サッセンは、2016年に福岡県北九州市で生まれた競技。センサー付きのサッセン刀を使って戦うという内容で、デジタルスポーツの一種として徐々に人気を高めている。
サッセンは父である風林火山武術道場の師範、本村隆昌さんの長年の構想を基に生まれた競技で、息子・隆馬さんと二人三脚で広めている。
「サッセンの名前の由来は、颯爽と風を切るさまという意味である“颯然”と宮本武蔵の二天一流剣術“指先(さっせん)”という言葉をヒントに考えたものです。動きの基本は、護身術が基になっています。人を傷つけず、怪我をさせない武術を追求した結果生まれたのがこの競技です」(隆馬さん)
競技に使用されるサッセン刀は、度重なる開発を経て生まれたもの。これまでにさまざまな素材を試し、センサーによる当たり判定が可能になった。
「当たった時の音や感触がいいものを探して100本以上試作を作り、ポリエチレン素材に辿り着きました。そして、一番の課題は、当たり判定の正確さでした。人の目には限界があるので、これが難題だったんです。偶然にも理工系の優秀な友人がいたので、機械判定の仕組みを相談しました。それで生まれたのがセンサー付きのサッセン刀なんです」(隆馬さん)
対戦は、1対1で一礼から始まる。1分間で、相手の頭部以外にサッセン刀を当て、2本先取した方が勝ちとなる。舞台は5×7mのスペースで、場外に出た場合は相手にポイント(1本)が入る。
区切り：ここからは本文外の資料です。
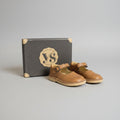 Young Soles Mary Jane Kids Shoes In Tan Leather - Size 25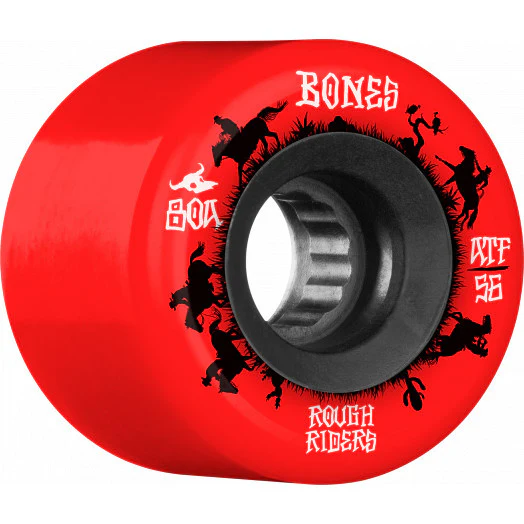 BONES ATF ROUGH RIDER WRANGLERS 80A 56MM RED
「最大の特徴は、攻撃回数が5打と制限されていることなんです。空振りすると加速度センサーが反応して刀が緑色になり、かつ両サイドの審判がカウントしています。サッセン刀の空振りや相手の刀に当たった場合も一打にカウントされます。この制限がないとやみくもな叩き合いになってしまうんです(笑)」(隆馬さん)
サッセンの試合では、この5打をどのタイミングで使うかが重要になる。
「例えば、相手に攻撃させといて攻撃回数が減った時にカウンターを狙うというような戦術も取れますね。そしてサッセンの魅力は、センサーによる極めて公平な当たり判定です。スマホやタブレットがサッセン刀のセンサーに連動しているので、当たり判定が即座に分かります。0.025秒以内の相打ちは、鍔迫り合いの“キーン”という音がして両者共にポイントが入らない仕組みです」(隆馬さん)
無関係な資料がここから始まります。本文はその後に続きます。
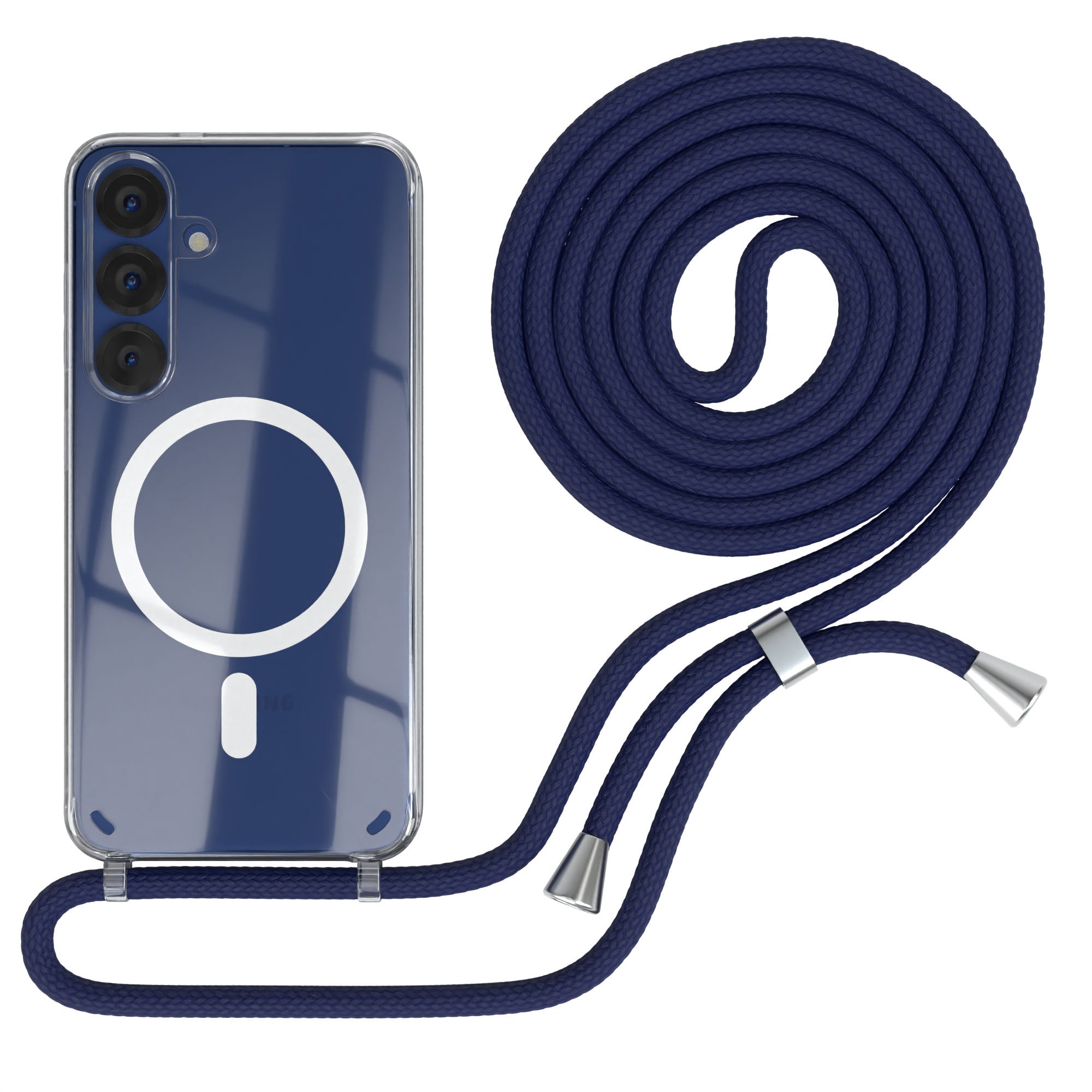 Galaxy S25 transparente Hülle + Kordel mit MagSafe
サッセンは、サッセン刀、プレイヤー2人、そしてスマホさえあればどこでもできる。当たり判定はスマホがやってくれるので、公平にジャッジできるのも魅力だ。
「サッセンは、子供たちにも安全に楽しめますし、大人でも集中力や瞬発力が養えます。現在は月1ペースで大会を開いていますが、意外と子供が強かったり、年配者の方が勝ったりするんです。競技者はさまざまで、例えば、剣道、フェンシング、総合格闘技など、幅広いスポーツ経験者たち同士の対決は興味深いですね」(隆馬さん)
サッセンは、競技としての魅力もさることながら、実はサッセン刀のセンサーを活かした別のレクリエーションも楽しむことができる。センサーを使ったスイカ割りやイライラ棒など、センサー技術を活用したレクリエーションが考案されている。
公式サイトでは、大会情報や体験会の予約のほか、サッセン刀の予約販売・レンタル・リースも行っている。また、イベントや出張の体験会も随時募集中。人を傷つけず、怪我をさせないデジタルを活かした剣術。楽しくカラダを動かしたいときの選択肢として覚えておきたい。